Abolition des commissions scolaires: la CSDM veut pouvoir donner son avis

La présidente de la Commission scolaire de Montréal, Catherine Harel-Bourdon
Photo: Jacques Nadeau Le Devoir La présidente de la Commission scolaire de Montréal, Catherine Harel-Bourdon

La Commission scolaire de Montréal (CSDM) sera vraisemblablement exclue de l’étude du projet de loi visant l’abolition des commissions scolaires, à laquelle une trentaine de groupes du milieu, notamment d’autres commissions scolaires, ont été invités par Québec à prendre la parole.

« On trouve ça aberrant de ne pas être entendu » dans le cadre de l’étude du projet de loi 40, a réagi en point de presse mercredi la présidente de la CSDM, Catherine Harel Bourdon.

Selon elle, le gouvernement Legault ferme ainsi les yeux sur les nombreux enjeux spécifiques à Montréal dans sa réforme de la gouvernance scolaire. Des enjeux comme la défavorisation ou l’intégration et la francisation des familles immigrantes, a-t-elle explicité en compagnie d’une poignée de commissaires.
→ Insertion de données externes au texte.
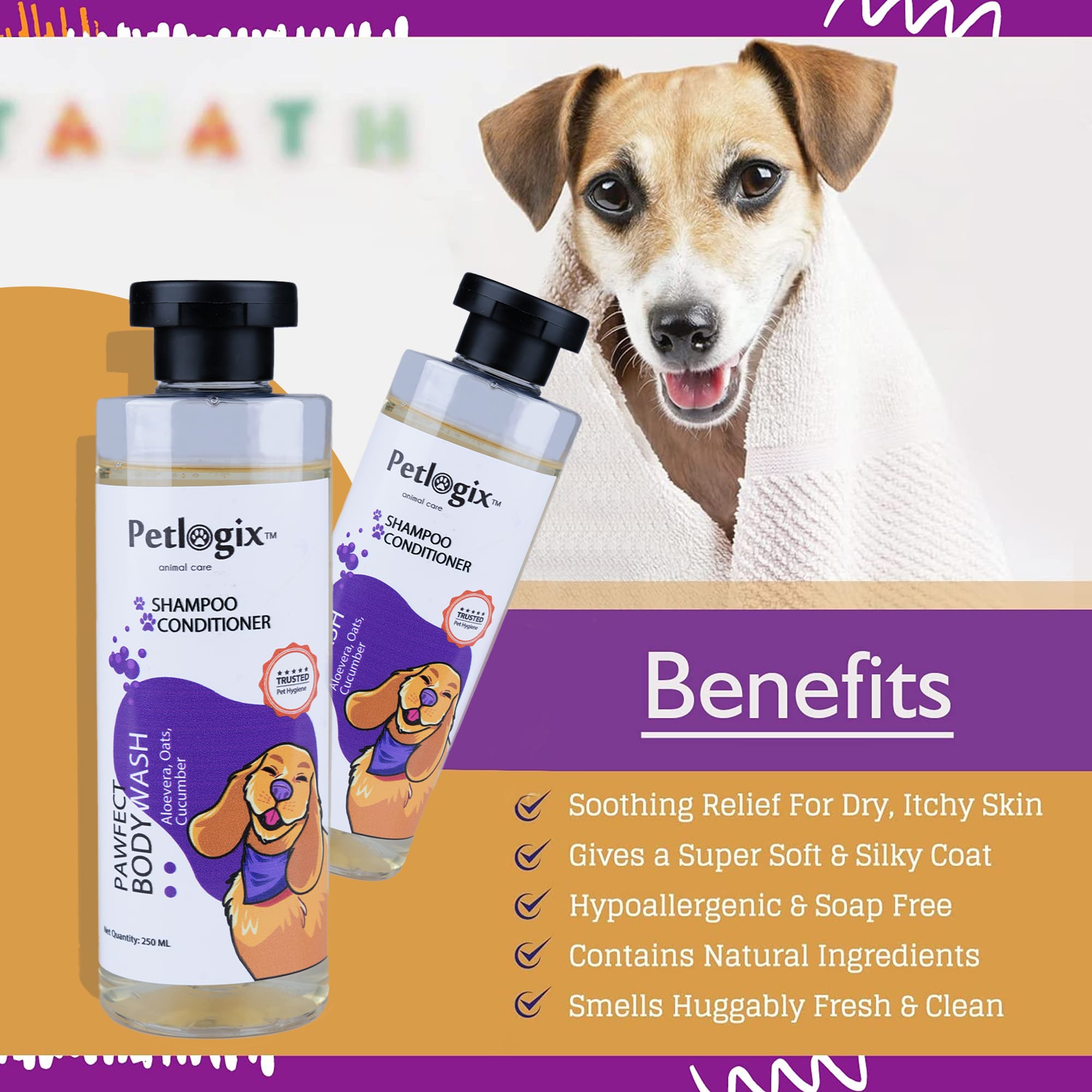 Petlogix Hair Rich Pawfect Wash for Dogs and Puppies, Shed Protection Pet Shampoo with Omega 3 & 6 & Apple Cider, Promotes Hair Growth (250ml)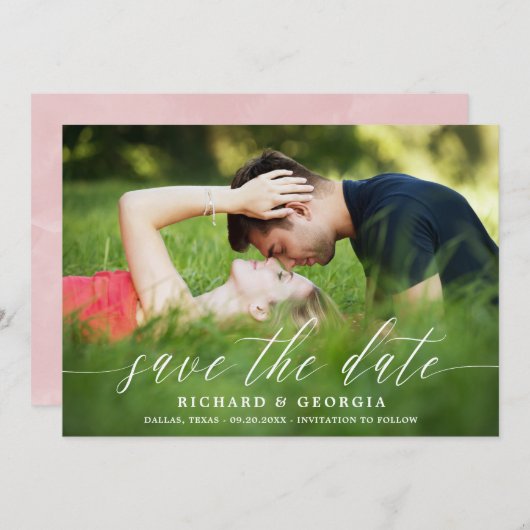 De witte Bekleding van het Manuscript van het Gesc Save The Date (Voorkant / Achterkant)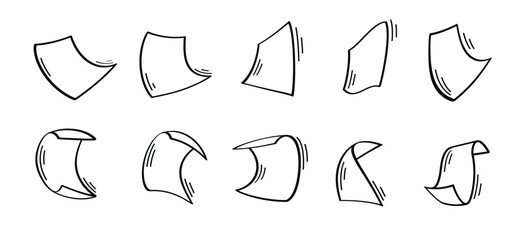 Cartoon empty paper blank or note leaf, leaflet or page. Curled letter or document, blank page flying papers. Paper sheet falling or falling down. Falling curl, loose soar of notes with curled edges.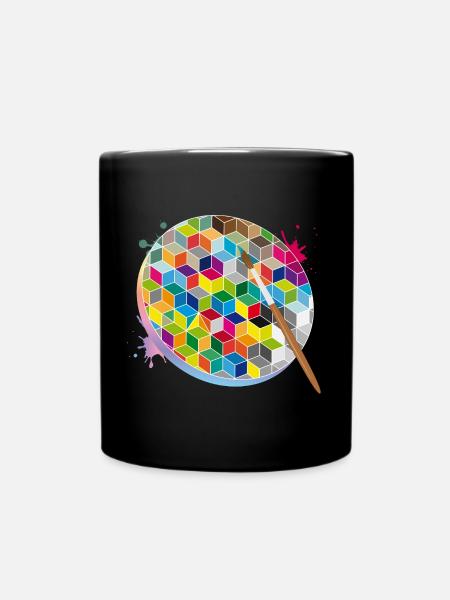 Kreative Künstlerpalette mit geometrischen Farben - Tasse einfarbig - Schwarz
« Le gouvernement est en train de modifier en profondeur la gouvernance et le réseau [de l’éducation] lui-même, sans entendre les personnes et les groupes qui seront les premiers touchés par cette modification majeure », a renchéri de son côté la commissaire indépendante Violaine Cousineau.

L’étude du projet de loi 40 doit débuter le 4 novembre prochain et s’étirer sur cinq jours. Syndicats, associations et quelques commissions scolaires (notamment Marguerite-Bourgeoys) seront entendus par les élus du gouvernement et de l’opposition. De même que la Fédération des commissions scolaires du Québec (FCSQ), dont la CSDM est membre. Fait aussi à noter : le comité de parents de la CSDM a été convoqué.

Le texte, déposé début octobre par le ministre de l’Éducation, Jean-François Roberge, prévoit l’abolition des élections scolaires et la transformation des commissions scolaires francophones en centres de services. Avec cette réforme, le ministre Roberge entend opérer une décentralisation des pouvoirs détenus par le ministère ou les commissions scolaires vers les équipes-écoles.

« Déficit démocratique »

« On parle de cinq journées alors que pour le projet de loi 86 [visant à réformer la gouvernance scolaire et mort au feuilleton sous le précédent gouvernement], on en avait eu 13. On s’entend que, dès le départ, il y a un déficit démocratique important sur le temps alloué pour regarder un projet de loi qui compte 319 articles », a insisté Mme Harel Bourdon.

Celle-ci juge en outre que la FCSQ — qui représente la majorité des commissions scolaires de la province — ne pourra faire adéquatement état des enjeux « de toutes les régions du Québec ». « On parle de présentations de 10 minutes et de périodes de questions de 20 minutes. »

La CSDM n’est pas la seule mercredi à avoir critiqué le gouvernement Legault de ne pas faire partie des groupes invités en commission parlementaire. L’Association montréalaise des directions d’établissement scolaire (AMDES) s’est aussi dite « surprise » de ne pas être convoquée.

« Nous avons des réserves sur le projet de loi notamment sur la composition des nouveaux conseils d’administration, nous aurions apprécié d’avoir l’occasion de les exposer en personne lors de la commission parlementaire », a fait savoir la présidente de l'AMDES, Hélène Bourdages.

Au gouvernement, on s’est fait avare de commentaires mercredi. Joint par Le Devoir, le cabinet du ministre Roberge a indiqué que le dossier relevait du champ d’action du leader parlementaire du gouvernement, Simon Jolin-Barrette. L’attaché de ce dernier a pour sa part précisé que la liste des invités n’était pas complètement arrêtée.

« Les différents groupes parlementaires sont encore en train de négocier la composition des groupes qui seront invités en commission parlementaire. Ainsi, nous ne commenterons pas les dossiers spécifiques », a noté Marc-André Gosselin.